## What is expected
Please reproduce exactly the line that contains "FALL VIBES CHOCOLATE" and every line after it through the end of the records below, adding nothing else.

::::

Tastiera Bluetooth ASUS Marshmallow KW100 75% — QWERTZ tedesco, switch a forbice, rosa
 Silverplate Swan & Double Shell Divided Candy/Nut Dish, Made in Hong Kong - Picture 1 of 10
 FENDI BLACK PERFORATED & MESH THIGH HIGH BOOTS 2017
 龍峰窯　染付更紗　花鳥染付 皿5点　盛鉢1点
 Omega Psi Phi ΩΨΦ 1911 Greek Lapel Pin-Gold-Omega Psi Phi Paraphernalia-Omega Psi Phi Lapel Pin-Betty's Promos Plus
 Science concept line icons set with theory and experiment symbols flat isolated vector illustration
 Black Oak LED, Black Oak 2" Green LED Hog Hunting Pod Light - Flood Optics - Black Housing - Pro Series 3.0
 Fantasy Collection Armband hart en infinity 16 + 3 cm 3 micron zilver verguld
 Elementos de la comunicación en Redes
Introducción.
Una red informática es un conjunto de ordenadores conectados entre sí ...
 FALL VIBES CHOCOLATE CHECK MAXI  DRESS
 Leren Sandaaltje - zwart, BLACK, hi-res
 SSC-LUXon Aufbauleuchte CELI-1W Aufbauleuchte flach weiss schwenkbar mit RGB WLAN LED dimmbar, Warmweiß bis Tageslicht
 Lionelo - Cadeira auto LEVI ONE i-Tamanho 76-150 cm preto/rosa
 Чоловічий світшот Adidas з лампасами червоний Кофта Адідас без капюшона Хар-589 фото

::::

## Worked solution
 FALL VIBES CHOCOLATE CHECK MAXI  DRESS
 Leren Sandaaltje - zwart, BLACK, hi-res
 SSC-LUXon Aufbauleuchte CELI-1W Aufbauleuchte flach weiss schwenkbar mit RGB WLAN LED dimmbar, Warmweiß bis Tageslicht
 Lionelo - Cadeira auto LEVI ONE i-Tamanho 76-150 cm preto/rosa
 Чоловічий світшот Adidas з лампасами червоний Кофта Адідас без капюшона Хар-589 фото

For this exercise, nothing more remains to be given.